▶ _ACTION ITEM_
Drop all images. Then write out each line below exactly as given.

Items listed in a dataset
=== Begin Enclosure ===
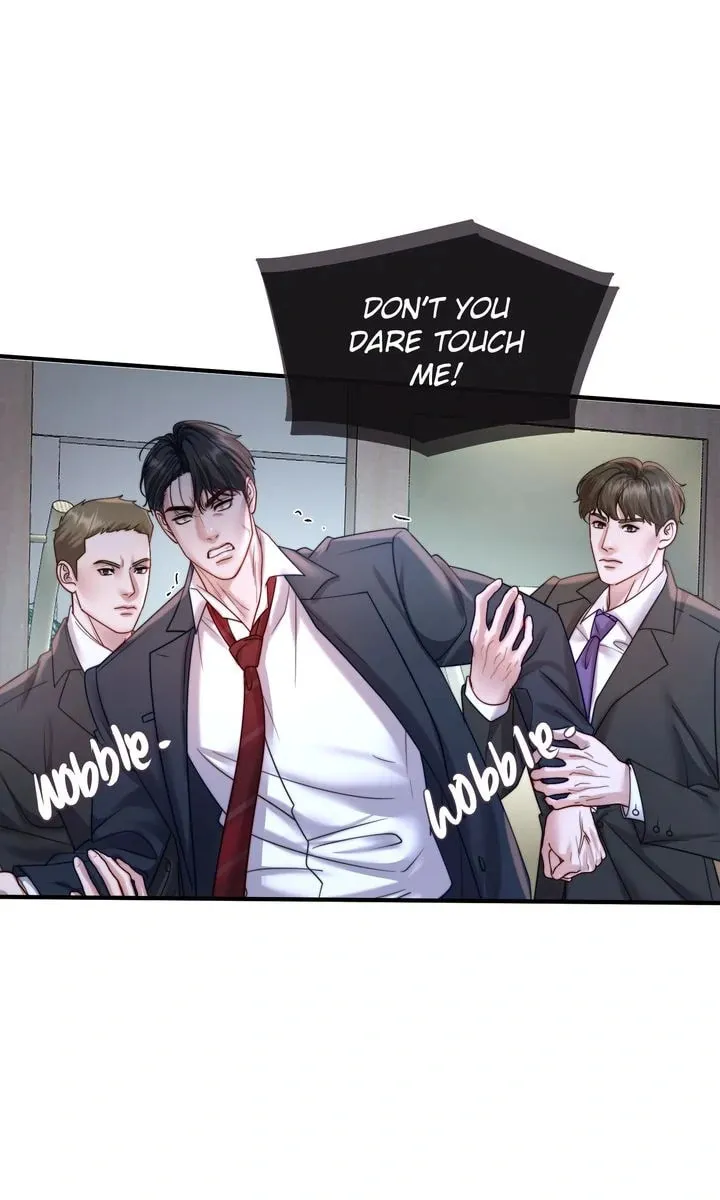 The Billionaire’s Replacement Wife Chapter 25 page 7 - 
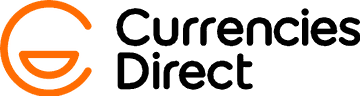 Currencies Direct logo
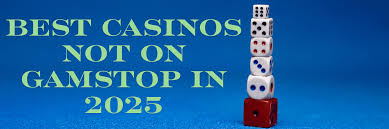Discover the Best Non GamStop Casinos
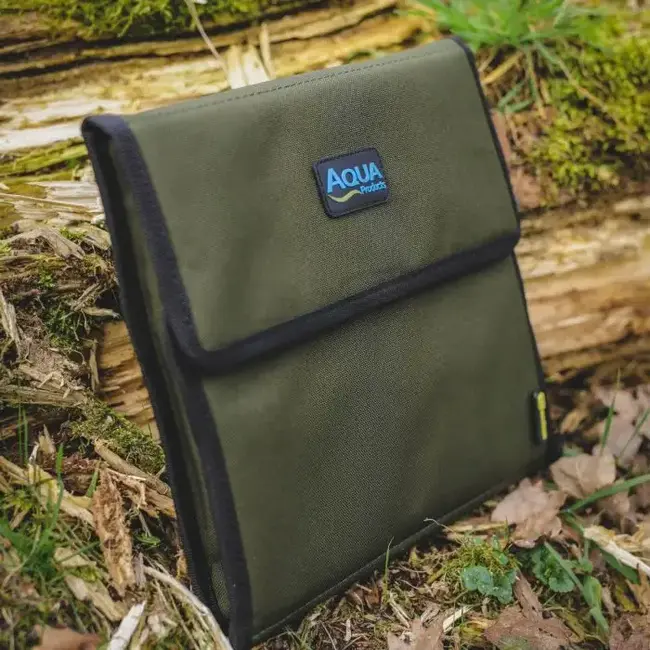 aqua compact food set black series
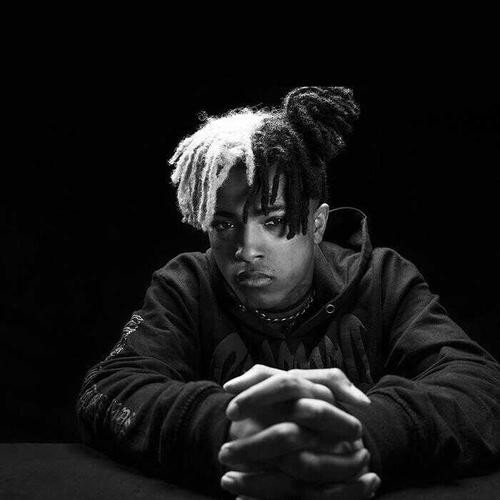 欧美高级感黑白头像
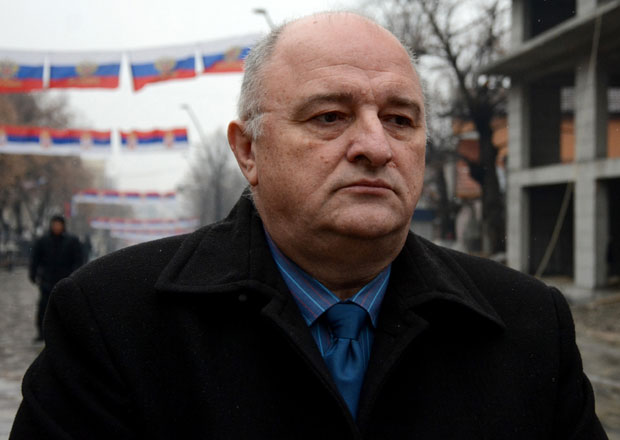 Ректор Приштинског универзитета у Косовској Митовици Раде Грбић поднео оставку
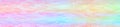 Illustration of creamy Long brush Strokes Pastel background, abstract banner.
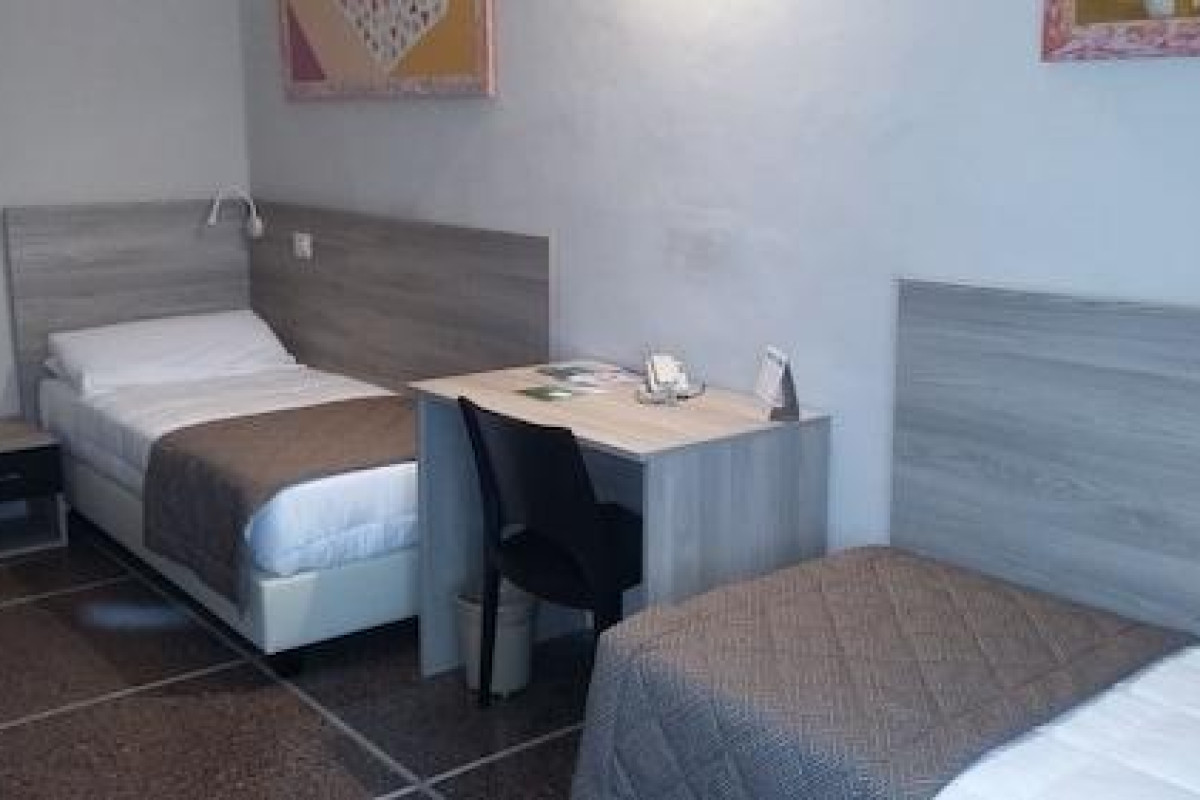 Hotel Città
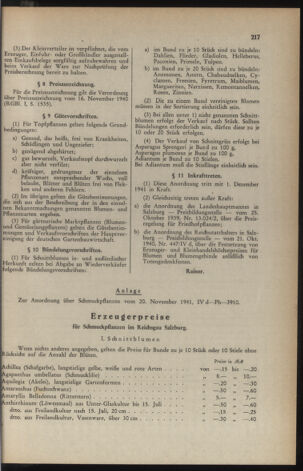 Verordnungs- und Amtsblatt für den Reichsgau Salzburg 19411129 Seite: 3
=== End Enclosure ===
▶ _OUTPUT BELOW_
 The Billionaire’s Replacement Wife Chapter 25 page 7 - 
 Currencies Direct logo
Discover the Best Non GamStop Casinos
 aqua compact food set black series
 欧美高级感黑白头像
 Ректор Приштинског универзитета у Косовској Митовици Раде Грбић поднео оставку
 Illustration of creamy Long brush Strokes Pastel background, abstract banner.
 Hotel Città
 Verordnungs- und Amtsblatt für den Reichsgau Salzburg 19411129 Seite: 3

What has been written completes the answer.